Purpose: To audit outcomes after introducing frameless stereotactic radiosurgery (SRS) for brain metastases, including co-interventions: neurosurgery, systemic therapy, and whole brain radiotherapy (WBRT). We report median overall survival (MS), local failure, and distant brain failure. We hypothesized patients treated with SRS would have clinically meaningful improved MS compared with historic institutional values. We further hypothesized that patients treated with co-interventions would have clinically meaningful improved MS compared with patients treated with SRS alone.
Methods: One hundred twenty patients (N = 120) with limited intracranial disease underwent 130 frameless SRS sessions from April 2010 to May 2013. Median follow-up was 11 months. MS was measured from brain metastases diagnosis, local failure, and distant brain failure from the time of first SRS.
Results: Practice pattern during the first year of the study favored upfront WBRT (79%) over SRS (21%) while upfront SRS (45%) was almost as common as upfront WBRT (55%) in the last year of the study. MS was 18 months; 37% received SRS alone as initial radiotherapy (MS 12 months); 63% received WBRT prior to SRS (MS 19 months); 50% received systemic therapy post-SRS (MS 21 months); and 26% had tumor resection then SRS to the surgical cavity (MS 42 months). Local failure occurred in 10% of lesions and radio-necrosis occurred in 4%. Differences in distant brain failure among patients treated with upfront SRS (40% rate), WBRT followed by SRS (33% rate) or systemic therapy post-SRS (37% rate) were not statistically significant.

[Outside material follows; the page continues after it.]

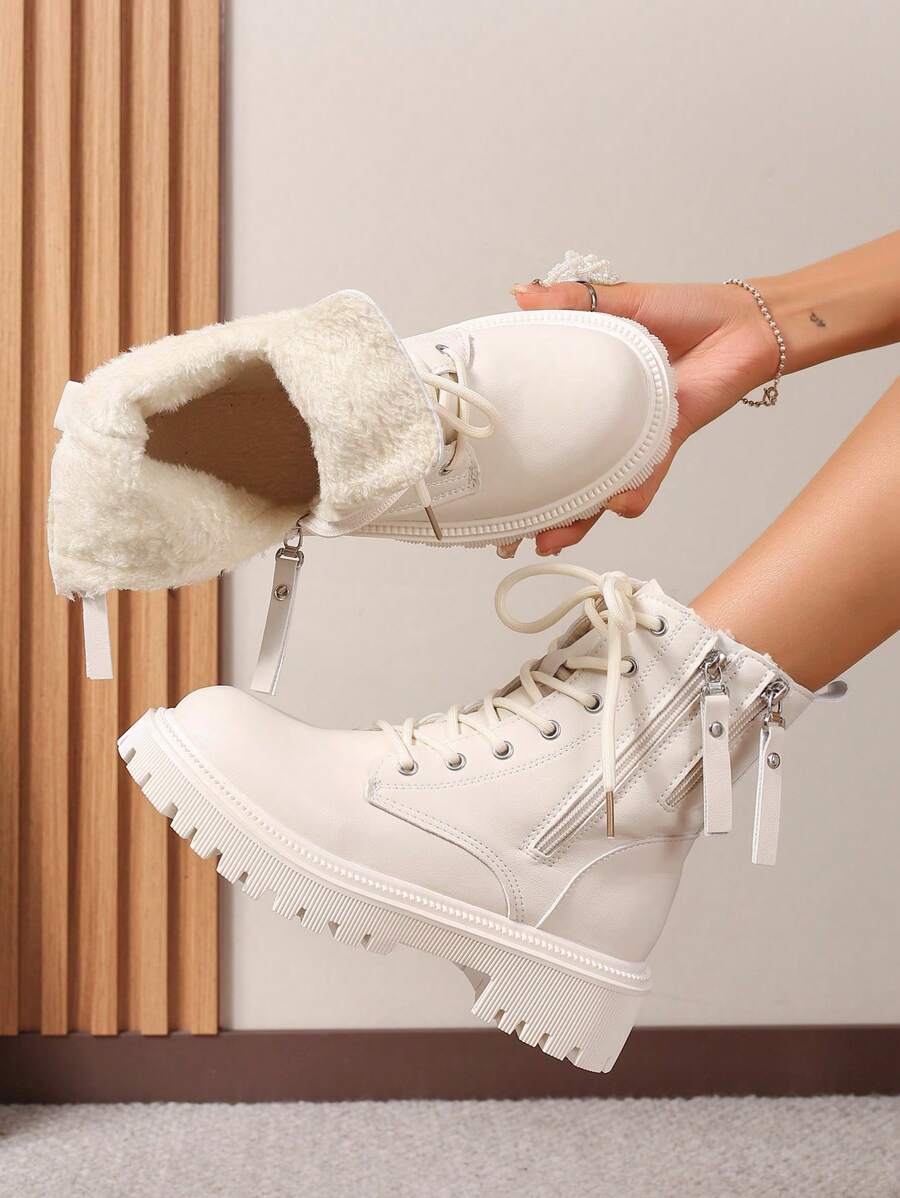2025 New Autumn/Winter ' Shoes, Thick Sole Big Shoes, School Student Shoes, Fashion Versatile Casual ' Shoes, Side Zipper ' Student Shoes, Teenage School Student Shoes, Student Boots, Casual Ankle Boots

Conclusion: Frameless SRS effectively treats surgical cavities, persistent tumors post-WBRT, and can be used as an upfront treatment of brain metastases. Surgery, systemic therapy, and WBRT are associated with longer MS. Patients can live for years while receiving multiple therapies. Systemic therapy for patients with brain metastases is increasingly common, palliative care occurs earlier and improves survival, and WBRT use is not routine. Modern series sometimes produce unexpectedly good results. Classification and treatment protocols are evolving. This practice audit is note-worthy for (i) high median overall survival, (ii) systemic therapy after radiosurgery for patients with tumors treated by radiosurgery, (iii) distant brain failure not significantly related to WBRT, and (iv) neurosurgery, systemic therapy, and WBRT are independently associated with improved MS.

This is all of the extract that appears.